Don’t want him back. Two days after the employer’s offer, an ALJ issued a decision finding that the employee had been unlawfully discharged. That same day, the employer increased its offer to $214,270; the official who conveyed the offer to the employee had been told by upper management that the company “did not want [the employee] to return to work.” The employee accepted the offer.
Unlawful bribe? At issue before the Board was whether the settlement offer was an unlawful bribe to prevent the employee from engaging in future organizing activity inside the employer’s facility. Although the ALJ found the settlement was lawful, the Board noted that the employee had been unlawfully discharged, actively supported the union after his discharge, and the employer wanted to prevent him from returning to work. Further, the employer never claimed he performed badly at work or that his reinstatement would cause friction with coworkers or management, which, observed the Board, are the typical defenses against remedial reinstatement. Moreover, it told the official who presented the offer to the employee that it did not want him to return to work.

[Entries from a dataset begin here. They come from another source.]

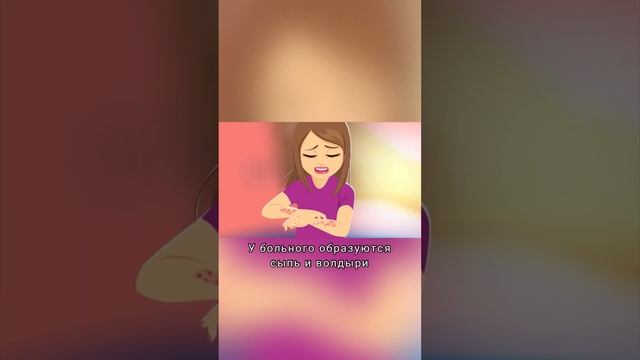 « Аквагенная крапивница» #doctor #рекомендации #факты #аллергия #болезнь #мем #топ #медицина смотреть онлайн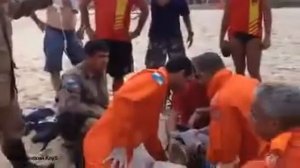 СЛР. Реальная ситуация.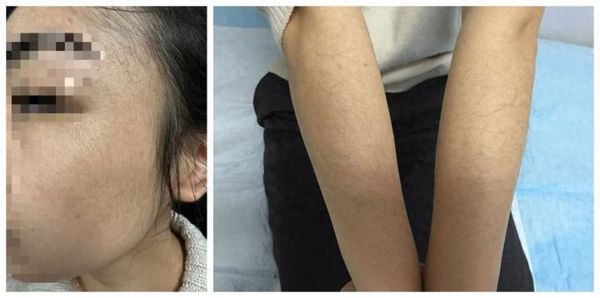 ▲▼一名大陸女子使用生髮液後竟在手部長毛。（圖／翻攝自極目新聞）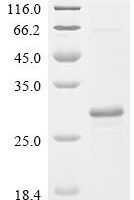 Bovine Beta-defensin 6 (DEFB6) Recombinant Protein, N-His-SUMO - BioCrest Sci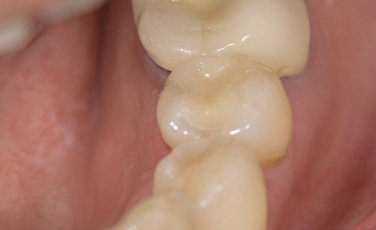 せたがや歯科室｜【症例】ひび・着色がある古いセラミックの下の虫歯治療とセラミックのやり替え｜治療後の画像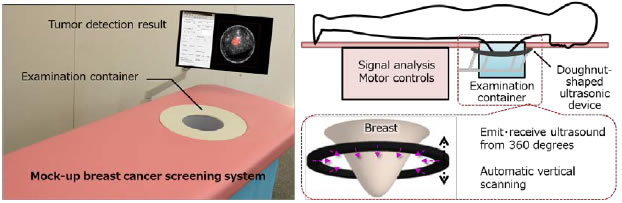 [image]Fig. 1 Breast cancer screening system mock-up and prototype configuration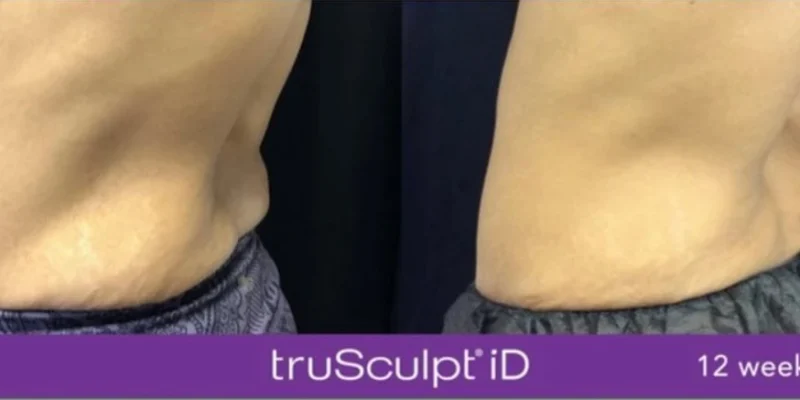 truSculptID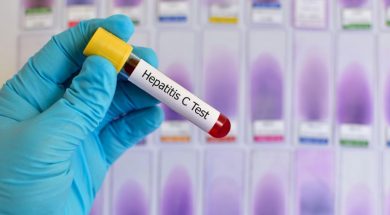 Hepatitis-C-test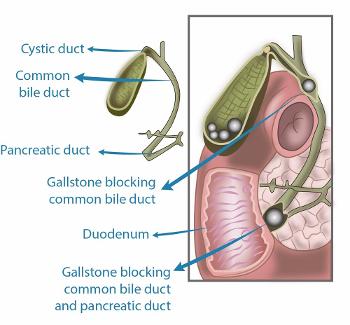 Gallstones in the common bile duct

In addition, the employer knew the employee’s reinstatement was important to his former coworkers and could reasonably have viewed him as a leader of the union campaign such that his return to the workforce could have dramatically impacted that campaign.
Generous offer. As to the employer’s “generous settlement offer,” although it knew its potential financial liability to the employee would be limited essentially to his lost (and unmitigated) pay plus his other related losses, it offered him more than four times the amount he would have received at that time pursuant to a Board order. That, said the Board, together with the other evidence “at least suggests that the [employer’s] motive was to prevent [the employee] from engaging in further union activity” in the workplace rather than to ensure cost savings or employee productivity.
Independent Stave. But, said the Board, it also had to consider the evidence against its longstanding policy, established in Independent Stave and its progeny, to encourage the compromise and settlement of unfair labor practice charges. “And,” wrote the Board, “there is nothing inherently unlawful about settlement in which an employee waives reinstatement in exchange for an enhanced remedial payment from the employer; indeed, the Board has approved many such settlements.”
No waiver of Section 7 rights. Pointing out that it has declined to give effect to settlement agreements that contain a prospective waiver of Section 7 rights, the Board found the offer here was not conditioned on such a waiver but rather required the employee only to agree not to resume employment. Further, the employee independently negotiated with the employer, was not coerced into entering into the agreement, and had the option of refusing any settlement offer, which would have then required the employer to reinstate him or be found in contempt of the outstanding 10(j) decree.
And while the payment significantly exceeded the amount of remedial backpay the employee had accrued, the settlement also resolved a separate claim he had filed with the EEOC, and part of the payment he received represented the value of that claim, the Board explained, finding that “the public policy favoring settlements warrants letting the settlement stand.”